»»

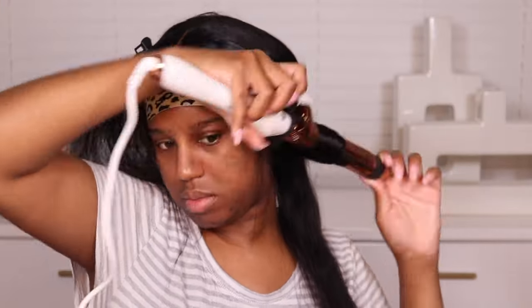I melted it again, brushed through my hair, and that completes the video you guys. I hope you guys enjoyed it. Make sure you guys check out Hermosa Hair — I will leave all the information down in the description box below, and I will see you guys in my next video.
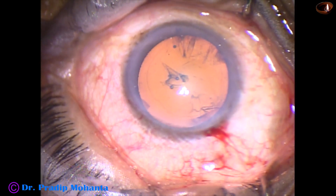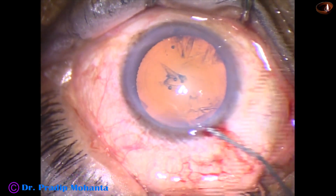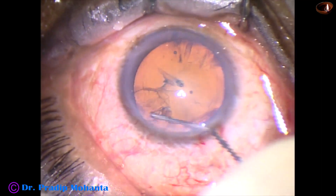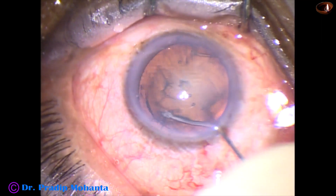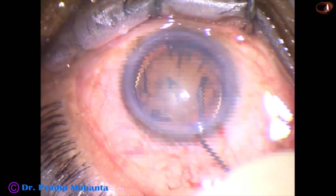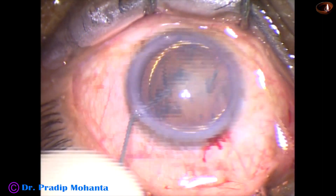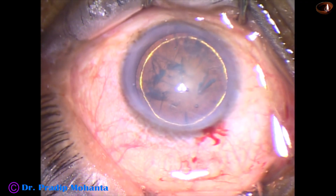And now, hydrodissection. BSS is passed just under the anterior capsular rim after expressing out some visco from the anterior chamber. The nucleus is tapped and the nucleus is rotated.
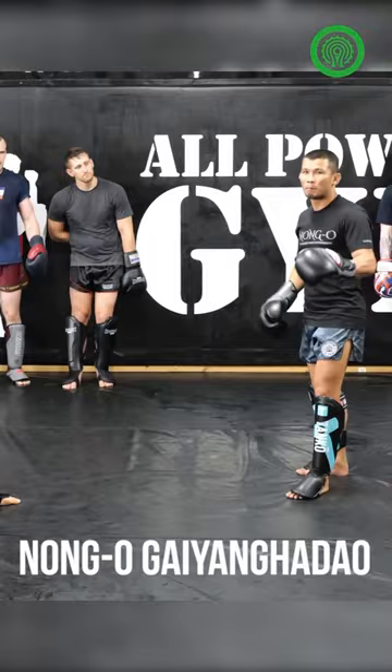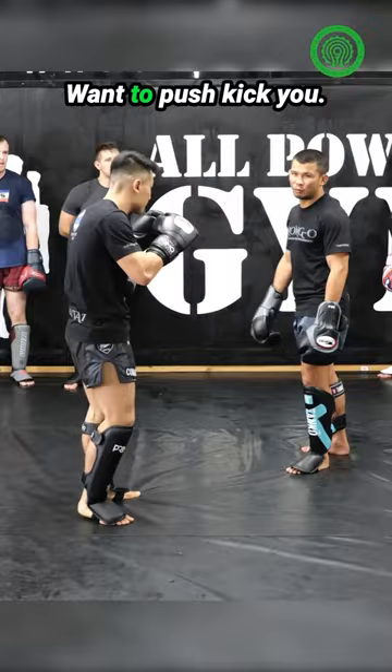Sometimes when you fight, many opponents push kick when you move. What does a push kick do? You kick first and then you move.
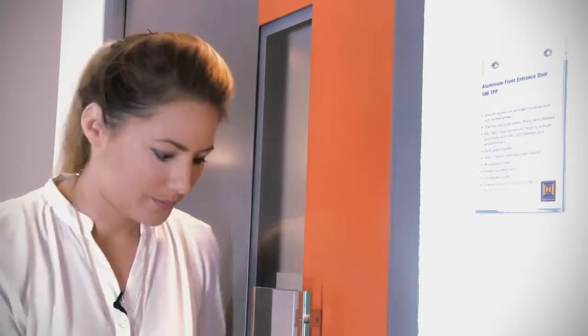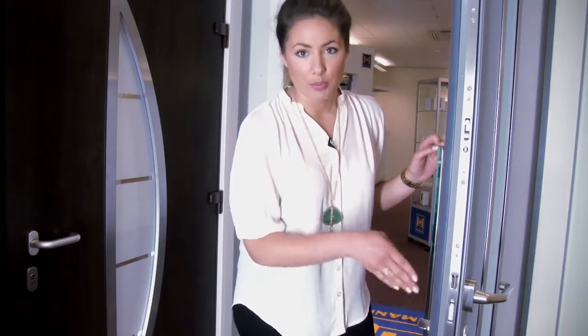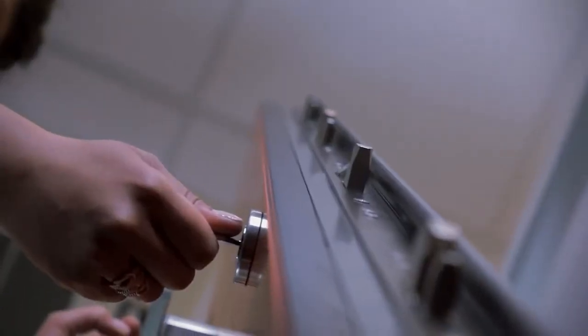As you'd expect, they're insulated, secure and stylish. Security's important, and these doors all come with multi-point locking. In the case of this door, as you can see, there are nine points.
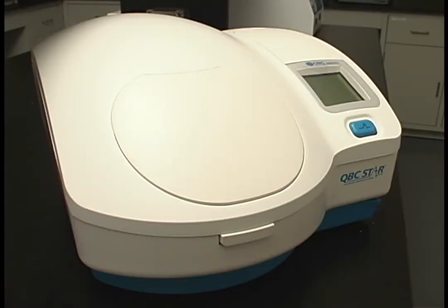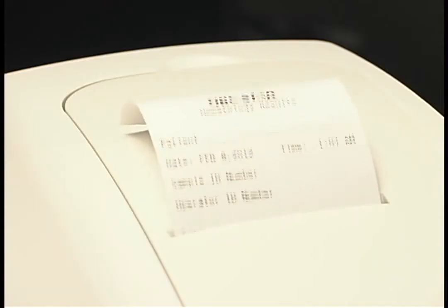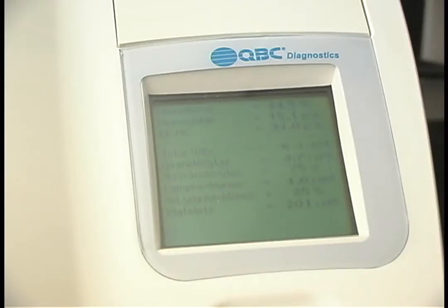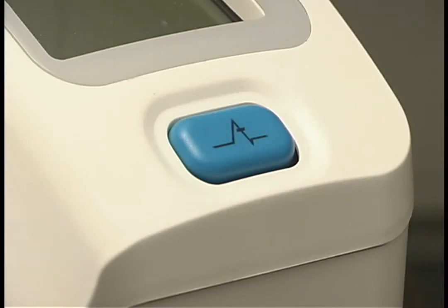Keep in mind that centrifugation is occurring at 11,000 RPM, so the noise level will increase. Centrifugation and sample analysis will take less than eight minutes. Patient results will be automatically printed and will also be displayed on the star screen until the door is opened. If you would like additional copies, press the star button before opening the door. Once the star door is opened, results will no longer be available for printing.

««

** Task details **
The output should consist of the records above, reproduced exactly, without pictures.

** Solution for this task **
I melted it again, brushed through my hair, and that completes the video you guys. I hope you guys enjoyed it. Make sure you guys check out Hermosa Hair — I will leave all the information down in the description box below, and I will see you guys in my next video.
And now, hydrodissection. BSS is passed just under the anterior capsular rim after expressing out some visco from the anterior chamber. The nucleus is tapped and the nucleus is rotated.
Sometimes when you fight, many opponents push kick when you move. What does a push kick do? You kick first and then you move.
As you'd expect, they're insulated, secure and stylish. Security's important, and these doors all come with multi-point locking. In the case of this door, as you can see, there are nine points.
Keep in mind that centrifugation is occurring at 11,000 RPM, so the noise level will increase. Centrifugation and sample analysis will take less than eight minutes. Patient results will be automatically printed and will also be displayed on the star screen until the door is opened. If you would like additional copies, press the star button before opening the door. Once the star door is opened, results will no longer be available for printing.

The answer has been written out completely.